Listed entries below:

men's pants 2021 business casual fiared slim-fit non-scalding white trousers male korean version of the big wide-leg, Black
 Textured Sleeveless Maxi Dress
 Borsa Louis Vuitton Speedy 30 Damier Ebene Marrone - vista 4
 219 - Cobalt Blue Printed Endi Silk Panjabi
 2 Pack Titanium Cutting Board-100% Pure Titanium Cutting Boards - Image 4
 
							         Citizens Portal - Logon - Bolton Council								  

End of Listed entries.

» **Problem details**: Give exactly the lines from the one with "Borsa Louis Vuitton" to the end of the entries, nothing before them.

» **Written answer**:
 Borsa Louis Vuitton Speedy 30 Damier Ebene Marrone - vista 4
 219 - Cobalt Blue Printed Endi Silk Panjabi
 2 Pack Titanium Cutting Board-100% Pure Titanium Cutting Boards - Image 4
 
							         Citizens Portal - Logon - Bolton Council								  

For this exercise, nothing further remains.